Many of the newspapers that were founded in the 19th Century were founded and owned by the political parties. For instance, the Chicago Tribune was founded by the Republican party. Do you think they were interested in “fair and balanced” news? If you read papers from this era, the bias is blatant. For instance, Lincoln’s Democratic hometown paper (Illinois State Register) regularly referred to him as a traitor.

During the late 19th and 20th century, the media consolidated with bigger papers trying to reach a wider audience. If you want to appeal to a wider audience, you had better not offend half of the population.  The news got progressively homogenized so it was more palatable to a wider audience.

This reached its zenith in the 50s, 60s, and 70s when most people got their news from one of the three broadcast networks. Was the news biased then? Of course it was. It was just that all three networks were slanted the same way (left-center). But more on that in a minute.

Then in the 80s, 90s and 2000s, cable TV and the Internet came in. Now all media could reach a wide audience and the bias became more blatant again. Of course, the Internet really turned everything on its ear.  Now all you needed was a laptop and an internet connection to be in the media game. Themajor outlets suffered to the point where now the paper with the biggest investigative reporting staff is the National Enquirer. Apparently, 21st century technology has returned journalism to the 19th century.

So was there bias in the era of Walter Cronkite? In the mid 70s Illinois Power was building a nuclear power plant in Clinton, Ill. The utility was having cost overruns and other problems, so the local anti-nuclear group invited 60 Minutes in to do a documentary on the situation. Illinois Power agreed to let 60 minutes interview anyone they wanted and film anything they wanted. They only had one stipulation: Illinois Power got to film everything that 60 Minutes filmed. So one of the Illinois Power employees followed the 60 Minutes crew around with a video camera.

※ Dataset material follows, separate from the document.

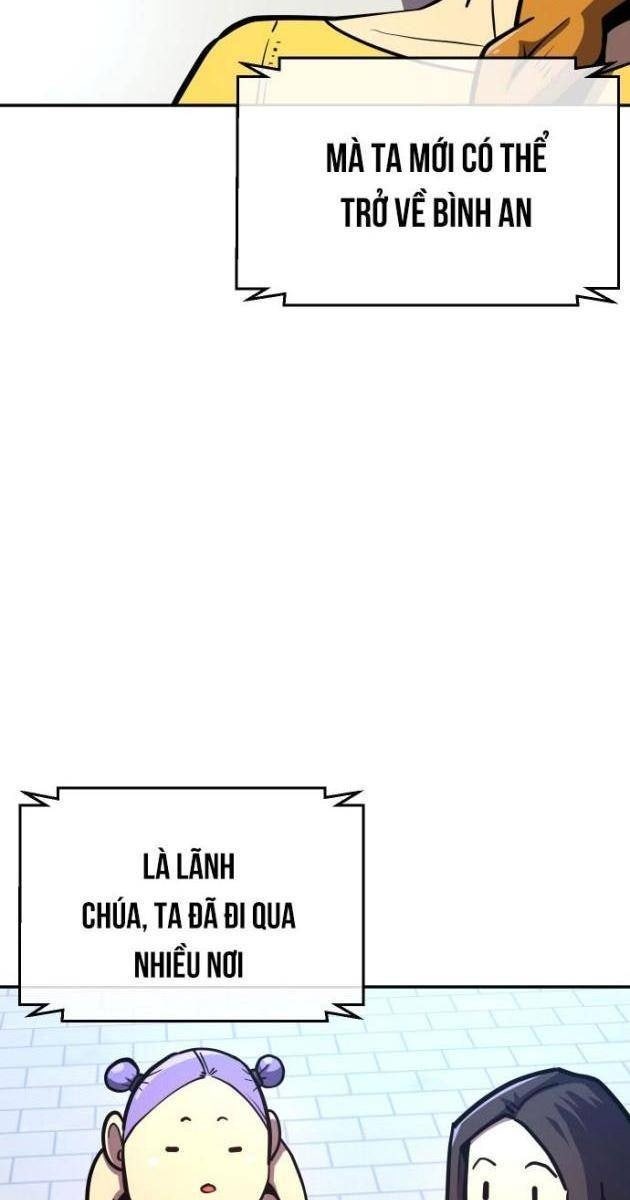 Kị Sĩ Xương Khô - Page 49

As expected, the 60 Minutes report was a total butcher job. So Illinois Power decided to make their own documentary. They started with the 60 Minutes report, and then spliced in their own video to show what was really said. It was amazing. You could see where 60 Minutes had taken things out of context and then edited it to fit their own narrative. They even edited people out in mid-sentence to completely change what they said. The Illinois Power video should have won an Emmy. It was the biggest indictment of investigative journalism that I have ever seen. And, of course, none of the networks was interested in airing it.

But the best part of the endeavor was Harry Reasoner’s closing diatribe. There is a statue of Abraham Lincoln on the town square in Clinton commemorating a speech that Lincoln gave there during the 1858 Senate campaign against Stephen Douglas. So, Mr. Reasoner and the CBS crew decided to “wrap themselves in Honest Abe” and do their narrative in front of this statue. Unfortunately, they apparently neglected to read the inscription on Lincoln’s statue.

Illinois Power closed their video with Mr. Reasoner’s diatribe just like CBS did, except they ran the words of the inscription on Lincoln’s statue as Mr. Reasoner spoke. It said “You can fool all the people some of the time, and some of the people all the time, but you cannot fool all the people all the time”.

The news has always been slanted and it probably always will be. The media is under no obligation to give fair and accurate reporting. Rather it is our obligation as citizens to see to it that we fall in Lincoln’s third category rather than the first or the second.